Not All Tokens Are Created Equal: Query-Efficient Jailbreak Fuzzing for LLMs

Mar 24, 2026•Wenyu Chen, Xiangtao Meng, Chuanchao Zang +6•View PDF

TL;DR Highlight

Discovers that LLM refusal behavior is dominated by a sparse set of tokens — achieves 90% attack success rate with 70% fewer queries; GPT-4o 84% ASR at 25 queries

Who Should Read

LLM service security auditors, AI red-team engineers, security researchers designing and validating safety filters

Core Mechanics

Token contributions to refusal are highly skewed — a sparse subset drives most refusal behavior (Skewed Token Contribution); mutating all tokens uniformly wastes queries
Refusal tendencies are consistent across models (Cross-Model Consistency) — an open-source surrogate model can reliably estimate refusal-sensitive regions of a black-box target
Against 6 open-source LLMs: 90% ASR with 70%+ fewer queries than best baseline; Gemma-7B: 18 queries vs 62 for competitor
Commercial APIs: GPT-4o@25 84% ASR, Claude-3.5-Sonnet@25 80.5% ASR — outperforms PAIR/GPTFuzz/TAP across all settings
Defense resilience: Perplexity filter (<3pp degradation), LLaMA Guard (mitigated but not neutralized), SmoothLLM (reduced but still beats undefended baselines)
ASR variation within ±3% across different surrogate and attack model choices — strong generalizability confirmed

Evidence

6 open-source LLMs (Gemma-7B/2-9B, LLaMA3-8B/3.2-3B, Qwen2.5-3B/7B) + 3 commercial APIs (GPT-3.5-Turbo, GPT-4o, Claude-3.5-Sonnet) evaluated
HarmBench dataset (6 safety categories: chemical/biological hazards, illegal activities, misinformation, cybercrime, etc.) — unified protocol across all methods

How to Apply

Use the TriageFuzz approach to pre-launch red-teaming of LLM services with a minimal query budget to identify vulnerable token patterns
Design safety filters as hybrid layers (e.g., Perplexity + SmoothLLM) rather than single-layer defenses
Leverage Reference Layer activations from a surrogate model for refusal circuit analysis — applicable to other security analysis tasks

Terminology

Original Abstract (Expand)

Large Language Models(LLMs) are widely deployed, yet are vulnerable to jailbreak prompts that elicit policy-violating outputs. Although prior studies have uncovered these risks, they typically treat all tokens as equally important during prompt mutation, overlooking the varying contributions of individual tokens to triggering model refusals. Consequently, these attacks introduce substantial redundant searching under query-constrained scenarios, reducing attack efficiency and hindering comprehensive vulnerability assessment.
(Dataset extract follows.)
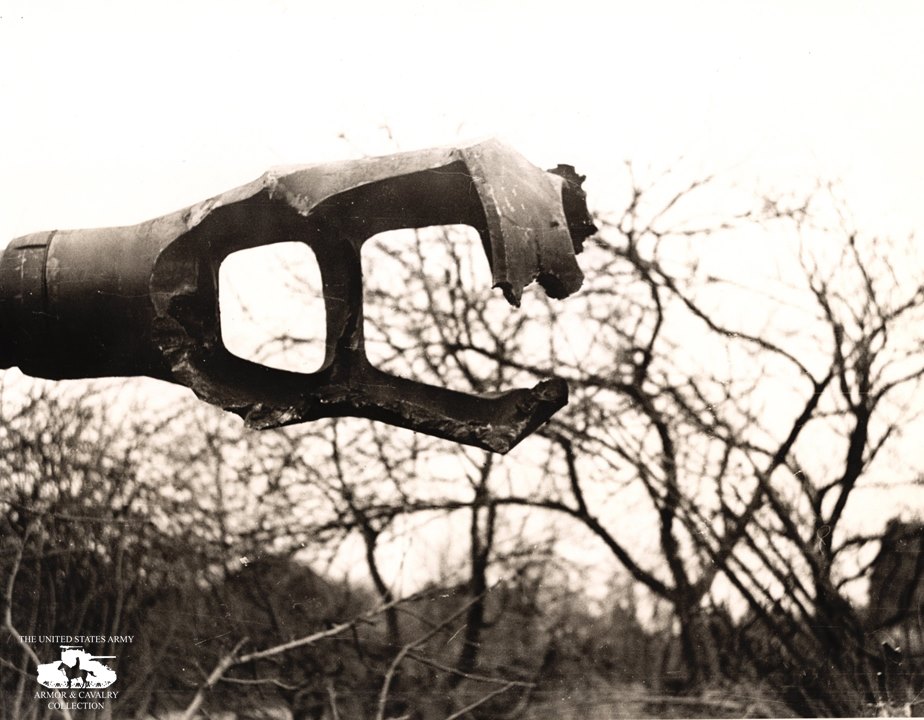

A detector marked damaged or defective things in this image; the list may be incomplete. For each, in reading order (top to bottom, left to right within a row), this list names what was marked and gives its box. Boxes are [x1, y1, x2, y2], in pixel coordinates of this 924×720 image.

damaged gun barrel [0, 139, 596, 452] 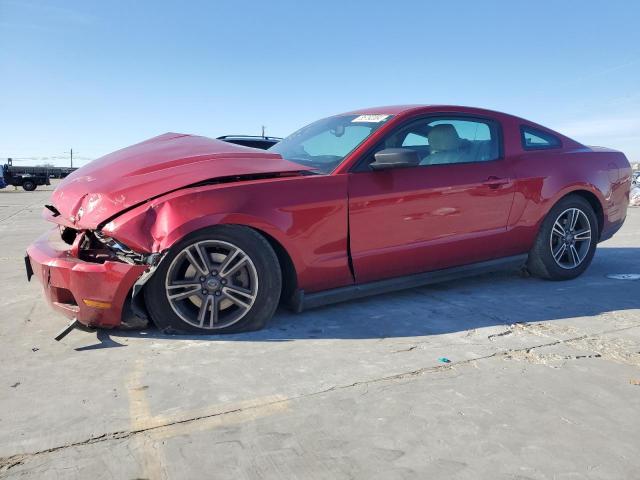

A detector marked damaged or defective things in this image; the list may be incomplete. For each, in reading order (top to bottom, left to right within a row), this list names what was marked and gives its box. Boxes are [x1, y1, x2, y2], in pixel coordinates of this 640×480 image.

In this work, we conduct a token-level analysis of refusal behavior and observe that token contributions are highly skewed rather than uniform. Moreover, we find strong cross-model consistency in refusal tendencies, enabling the use of a surrogate model to estimate token-level contributions to the target model's refusals. Motivated by these findings, we propose TriageFuzz, a token-aware jailbreak fuzzing framework that adapts the fuzz testing approach with a series of customized designs. TriageFuzz leverages a surrogate model to estimate the contribution of individual tokens to refusal behaviors, enabling the identification of sensitive regions within the prompt. Furthermore, it incorporates a refusal-guided evolutionary strategy that adaptively weights candidate prompts with a lightweight scorer to steer the evolution toward bypassing safety constraints. Extensive experiments on six open-source LLMs and three commercial APIs demonstrate that TriageFuzz achieves comparable attack success rates (ASR) with significantly reduced query costs. Notably, it attains a 90% ASR with over 70% fewer queries compared to baselines. Even under an extremely restrictive budget of 25 queries, TriageFuzz outperforms existing methods, improving ASR by 20-40%.